[published: April 15, 2009]
Zachary Mexico
China is as full of freaks and slackers, whores and hustlers as the West is, we just hear less about them. In his addictively readable debut book, China Underground, recently published by Soft Skull Press, Zachary Mexico uses his fluent Mandarin and bohemian soul to introduce them to us.

How did your subjects react to the idea of being in an American book of nonfiction?
The ones I told about it, which was most of them, were incredibly excited. People like to be written about, the people who are doing stuff they are proud of. I’d say the lone exception was the Nigerian drug dealer. I do have vague paranoia but I’m sure he’s back in Nigeria by now. I was down in Shanghai the other day and I kind of asked around, but those guys basically come here for a year or two and then their cover’s kind of blown. They can’t really hang out for much longer.

Who is on the cutting room floor that you wished you could put in, but didn’t?
There’s a couple. There’s one guy who was an incredibly wealthy business man from the city of Chungdu. Basically a multimillionaire with some serious spiritual ennui. He had a beautiful apartment, a country house, four cars, a beautiful wife, a child, a beautiful girlfriend — but was kind of lost. Totally hopeless. That was good, but I couldn’t get enough out of him for it to be interesting.
Then there were these Chinese guys who were trying to study Rastafarianism. There were 10 or 12 of them, and they all had dreadlocks and they were smoking a lot of grass. They had these books in English that they didn’t really understand, and they were trying to do these Rastafarian rituals and they believed they were a lost tribe of Israel. So that was pretty good.
Then there were these guys who were making fake documents, like fake passports and diplomas. Whatever you wanted fake, they could make it. It would be perfect. I hung out with those guys one time and we made arrangements to meet again, but then they obviously got wise and realized, what the fuck are we doing talking to this guy? And they wouldn’t get with me no more.

Most of the characters who are the craziest and most drug-addled – The Slacker, the Uighur Jimi Hendrix – come from middle-class homes. Do you believe counterculture is a byproduct of prosperity?
No, not at all. I think it’s the same as in America. A byproduct of free time, certainly, because if you are working in a factory 12 hours a day, you certainly can’t be smoking that much pot. I think the origin of it is in prosperity, but now it’s come far enough that it extends to where people in the countryside who grow up poor come to the city and fall into a certain scene. Kind of like America.
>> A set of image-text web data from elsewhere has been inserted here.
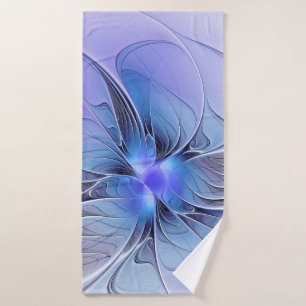 Arte fractal moderno abstracto lavanda azul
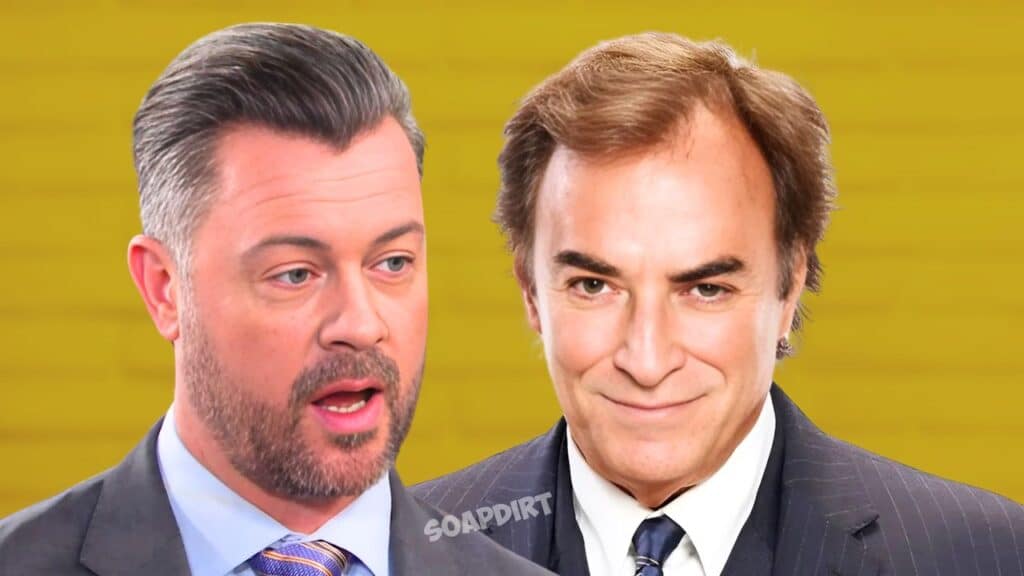 Days of Our Lives Spoilers: Tony DiMera (Thaao Penghlis) - EJ DiMera (Dan Feuerriegel)
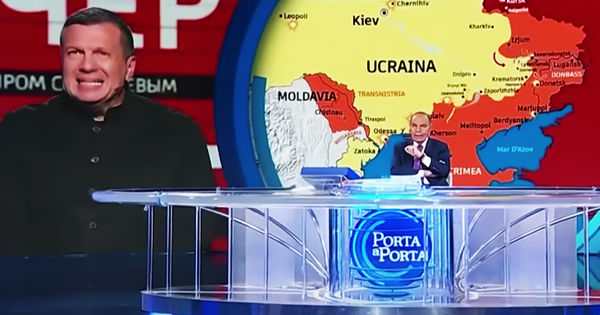 Соловьев на итальянском ТВ заявил, что Россия идет до Приднестровья.
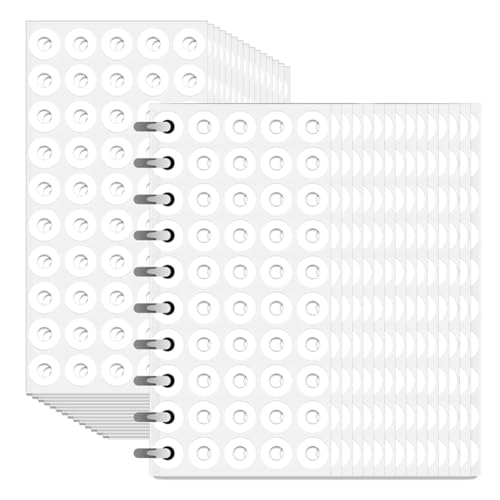 Koolenry Bindemittel-Loch-Protektoren 2500 PCS-1/4 "Durchmesser Lochverstärkungsaufkleber, Selbstklebende Papierlochverstärkung Koolenry Bindemittel-Loch-Protektoren 2500 PCS-1/4 "Durchmesser Lochverstärkungsaufkleber, Selbstklebende Papierlochverstärkung von Koolenry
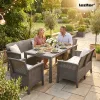 Venus IV Großes Gartenmöbelset für 7 Personen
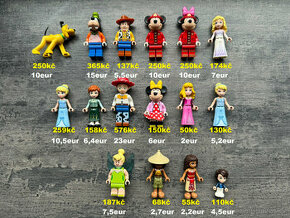 LEGO nové figurky Disney a Toy Story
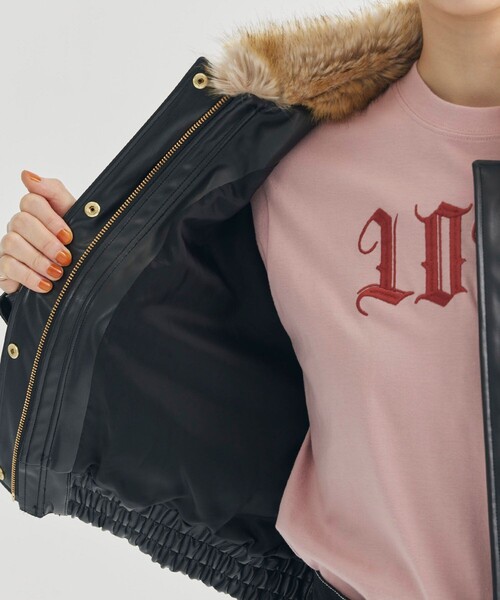 AKIKOAOKI/アキコアオキ】Jess 01/フェイクレザーブルゾン（ブルゾン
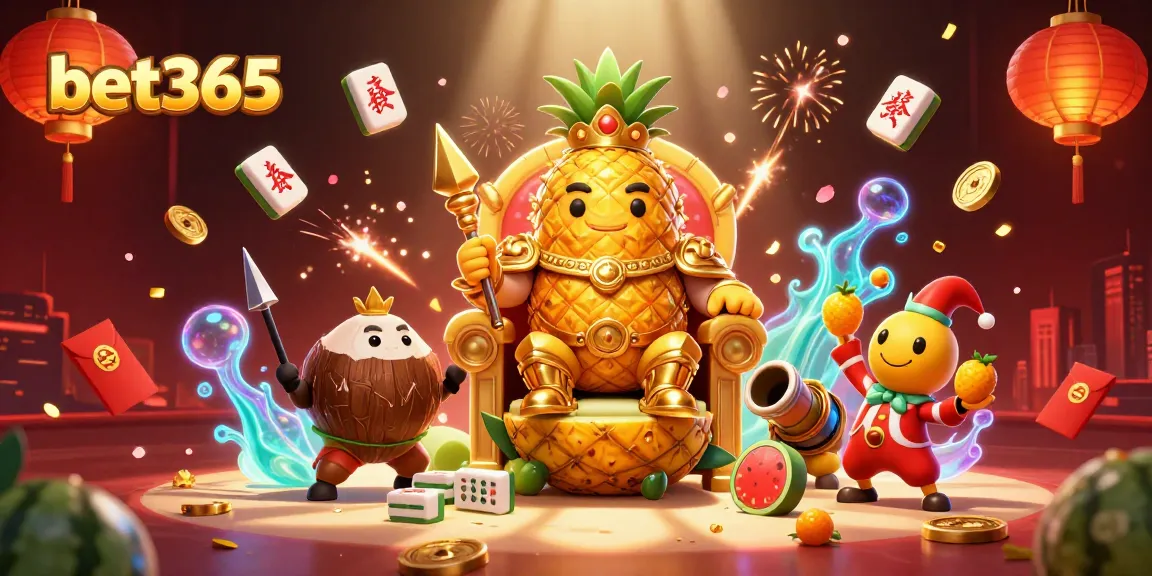 Engage in exciting bets with bet365’s colorful casino-themed 3D illustration featuring vibrant characters.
Growth in China has suddenly slowed considerably as a result of the global economic downturn. How has this affected your friends and the broader underground in China?
I was down in Guangdong recently, which is where the export-based economy is. I don’t really have a lot of friends there but I could feel some serious impact there. I’m in Beijing right now, and people are definitely talking about it, but it’s not like it is in New York. I was in Shanghai last week and at the really high-end places, business is down a little bit, but everything is still going pretty gangbusters. This huge blanket of pessimism that’s currently enveloping New York is not present here, which is interesting. In New York, for example, the construction sites have stopped. The buildings that were going up are not going up any more. Whereas here, they’re still going up.

Why did you start studying Chinese?
Couple reasons. The first one is that I thought it would be hard. I had to choose a language, I was in boarding school and they had Chinese. At that time, I was pretty young, and I had been reading some Chinese philosophy, and I was pretty into it, and I thought it would be cool to read it in Chinese.
And, my father had been studying Chinese in university, but he didn’t get to go to China, obviously, because of the political situation. He was telling me when I was a baby he would show me these cards with Chinese characters on them, and kind of read them to me. So maybe it was pre-programmed into my brain. On the first day of school you have to check which language. I saw Chinese and thought, look at that. And it all went downhill from there.